Welcome to Richard's Blog

Author: applegater

  • SOP: Installing T7 GSC Injector for Black Ops 3 (GoldHEN)

    Purpose

    To install and configure the T7 GSC Injector plugin for use with Call of Duty: Black Ops 3.

    Requirements

    • GoldHEN enabled
    • FTP access to the console
    • T7_GSC_Injector.prx file
    • A compatible .gscc menu file

    Procedure

    Step 1: Download the Plugin

    1. Download the file T7_GSC_Injector.prx to your computer.

    Step 2: Transfer Plugin to Console

    1. Connect to your console using FTP FileZilla.
    2. Navigate to the following directory:
    /data/GoldHEN/plugins/
    1. Upload T7_GSC_Injector.prx to this folder.
    2. Do NOT rename the .prx file.

    Step 3: Create Injector Directory

    1. In FTP, navigate to:
    /data/
    1. Create a new folder named exactly:
    T7 GSC Injector

    Step 4: Add and Rename Menu File + Download Link For menu by Muzzman

    Download
    1. Upload your .gscc menu file into:
    /data/T7 GSC Injector/
    1. Rename the file to:
    gssc_0

    Important:

    • Remove the file extension completely.
    • The file must NOT have .gscc after renaming.
    • If using multiple menus, increment the number (e.g., gssc_1, gssc_2).

    Step 5: Launch the Game

    1. Start Call of Duty: Black Ops 3.
    2. Enter the multiplayer or Zombies lobby.
    3. A notification should appear showing how to open the injected menu.

    Verification Checklist

    • Plugin file is in /data/GoldHEN/plugins/
    • Folder /data/T7 GSC Injector/ exists
    • Menu file is renamed to gssc_0 with no extension
    • In-game notification appears

  • Huge Thanks to EarthOnion – Vue-after-Free on My PS4 🎮

    I want to give a huge thank you to EarthOnion for providing Vue-after-Free for the PS4. Because of this, I was able to restore the system backup on my PS4, open PS Vue, and successfully run the jailbreak exploit.

    Everything worked perfectly — I truly appreciate the effort and contribution to the scene!

    Non-Jailbroken PS4 System Backup Guide from his GitHub,

    Official Repository

    Full instructions and files are available here:

    https://github.com/Vuemony/vue-after-free

    ⚠️ Important:
    A network connection is required before running Vue. It does not need internet access — a local network is enough. Connect immediately after restoring the system backup.

    If your network does have internet access, make sure you read the official connection instructions first.

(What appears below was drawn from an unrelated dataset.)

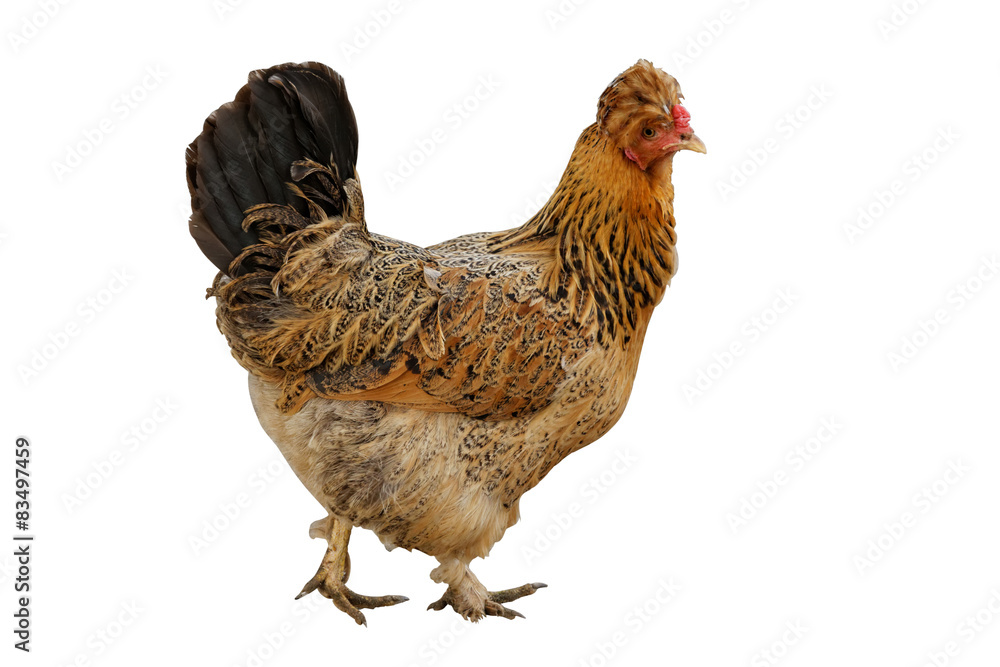 Fototapeta premium Chicken on a white background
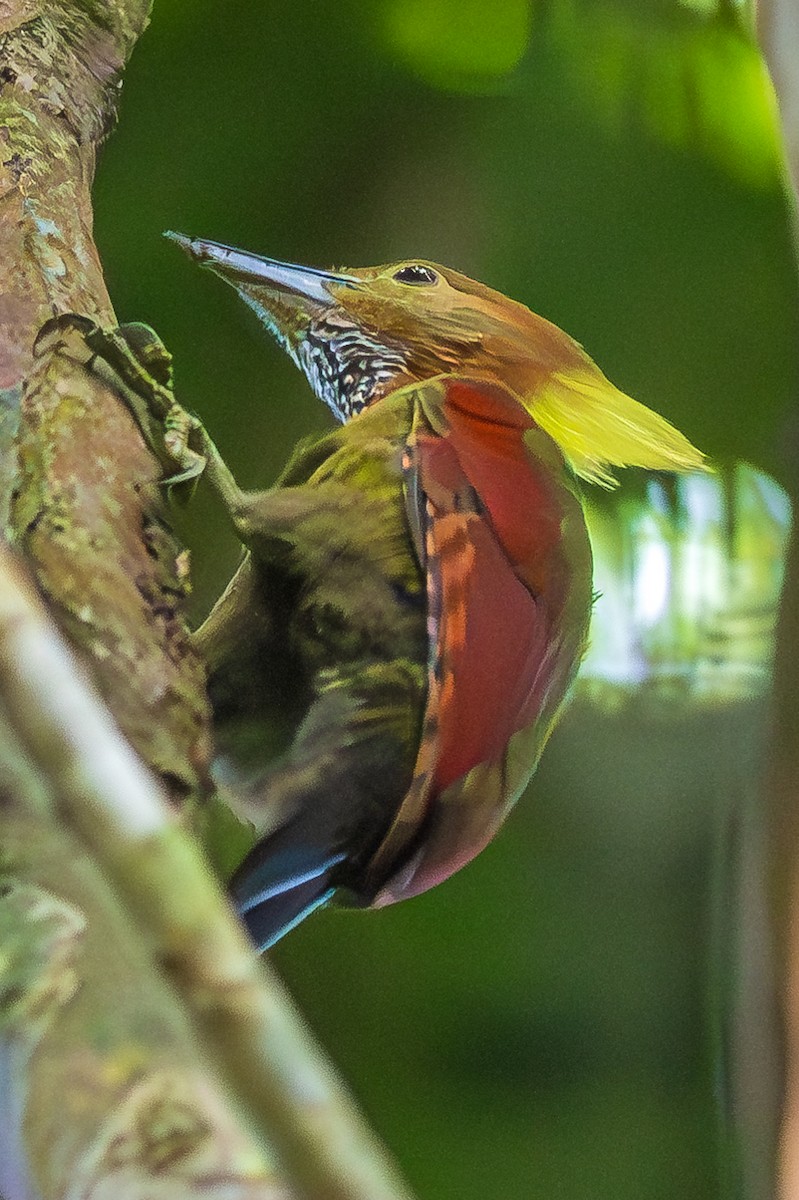 Checker-throated Woodpecker - Jack Volker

    Step 1 – Prepare Your USB Drive

    1. Format your USB drive to exFAT.

    ⚠️ Warning:
    Formatting will erase all data on the drive. Back up anything important first.

    Step 2 – Download the System Backup

    1. Download either:
      • VueSystemBackup.7z
      • VueLiteSystemBackup.7z

    If you choose Lite Mode, the exploit will automatically launch when opening the app after the initial prompt.

    1. Extract the contents of the archive onto your USB drive.
    2. Plug the USB into your PS4.

    Step 3 – Backup Your Data (Optional but Recommended)

    If you have a real PSN account on the console:

    • Go to:
      Settings > Application Saved Data Management > Saved Data in System Storage
    • Back up your save data to the USB.
      (Make sure you have enough free space.)

    If you cannot access saved data, your console likely does not have a real PSN account or is not activated. In that case, you cannot back up saves unless you jailbreak first.

    Also back up captures:

    • Go to:
      Settings > Storage > System Storage > Capture Gallery > All
    • Back up your captures to USB.

    Step 4 – Restore the System Backup

    1. Go to:
      Settings > System > Back Up and Restore > Restore PS4
    2. Select the system backup from your USB.
    3. Restore it.

    After reboot, you will have:

    • A fake activated user account
    • PS Vue installed
    • Exploit data ready

    Step 5 – Prepare the Payload

    1. Place your payload (HEN or GoldHEN) on the root of your USB.
    2. Rename it to:
    payload.bin

    After the first run, it will be loaded from /data/, so the USB will not be needed again.

    Step 6 – Run the Exploit

    1. Connect safely to any network (local is fine).
    2. Open PS Vue.
    3. You will see:

    “This service requires you to sign in to PlayStation Network”

    Press OK to continue.

    1. Press the Jailbreak button to run the exploit
      OR configure:
      • Auto Loader
      • Auto Close

    ⚙️ Important for HEN Users

    Before enabling Auto Close:

    • Edit config.js
    • Add 20 seconds to the close delay by setting:
    20000

    Then back up the current save file to USB via console settings.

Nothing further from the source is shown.